Halloween Candy: Man oh man. That stuff is all over our house. In ever bowl, in every box. The scariest part of Halloween to me is how much I give in and eat chocolate all day. And lately, it's really been scaring me.
Being called on in class and not knowing the answer: The professor looks at you and expects you to wow him with how much you read the chapter, when no one in the class even opened their book. They're all thinking. "HA! Let's see what answer you can come up cause I sure didn't have one ready."
When there are no parking spots left in the Business Lot: I just don't really feel like parking anywhere else. Anything outisde that lot is not the distance I am used to walking. So what do I end up doing? I circle around and wait till someone looks like they may be leaving, then sneakishly (and by that I mean stalkerishly) drive slowly behind them till they reach their car and back out. What's that you say? Would I like your parking spot? Why yes, I would be just delighted.
TOASTS:
My new UGG boots: My boyfriend is the greatest. And my feet definitely thank him for the warmth these shoes give me. I wear those suckas everywhere. I hate when my feet get cold, so I just slip these on before class and know that I won't have to worry about it. Bottom line, I just lurv these boots. Andrew, here's to you and knowing exactly what I needed.

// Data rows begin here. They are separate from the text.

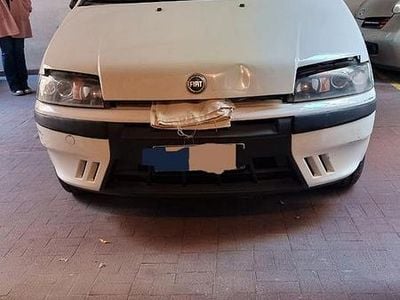 Usata Fiat Punto 60 CV (44 kW) 2003 Bianco Utilitaria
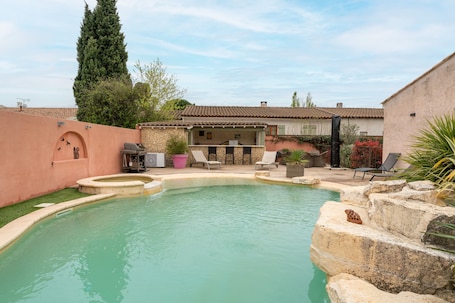 Alberca. Holiday Home 'Les Dames De Molleges' with Mountain View, Wi-Fi and Air Conditioning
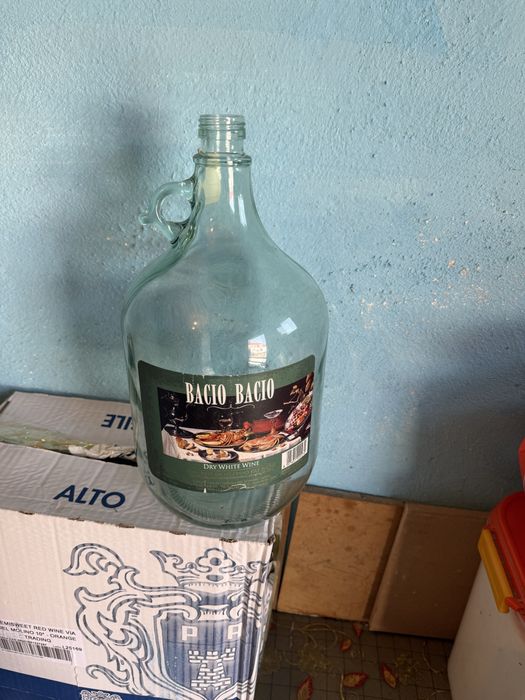 продам бутылки 5 л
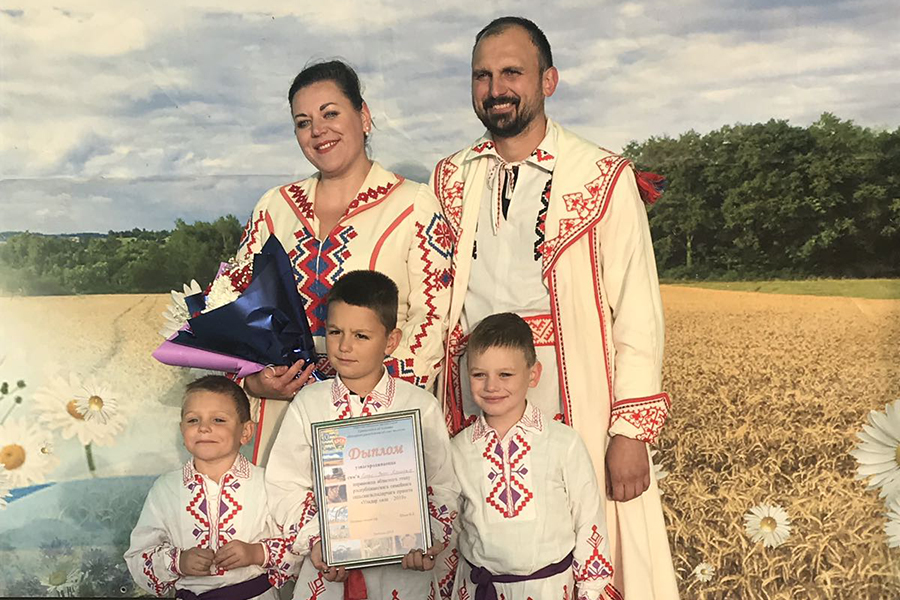 Семья в беларуси. Белорусская семья. Белорусы семья. Многодетные белорусы. Фото белорусской семьи.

The stray cat Leopold: He is just plain precious. My roommates say they hate him but then I'll catch them slipping him some leftovers or making his bed more comfortable. I know they're fallen for his soft fur and faint meow. I thoroughly enjoy seeing him waiting for me on the porch when I pull up. He adds a lot to the Radpad and I say he's a great addition. Leopold, I raise my glass to you and the way you decided to land on our yard.
Those dreaded P90X workouts: This is a love/ hate relationship I share with this DVD set. I've been faithfully doing a workout a night and strangely enough, I look forward to them everyday. Then during the workout, I'm fighting every move and coaching myself to finish Lateral Leapfrog Squats. But all in all, a toast to you Tony Horton, for repeating yourself over and over so that I can burn all the calories that Halloween candy is attacking me with.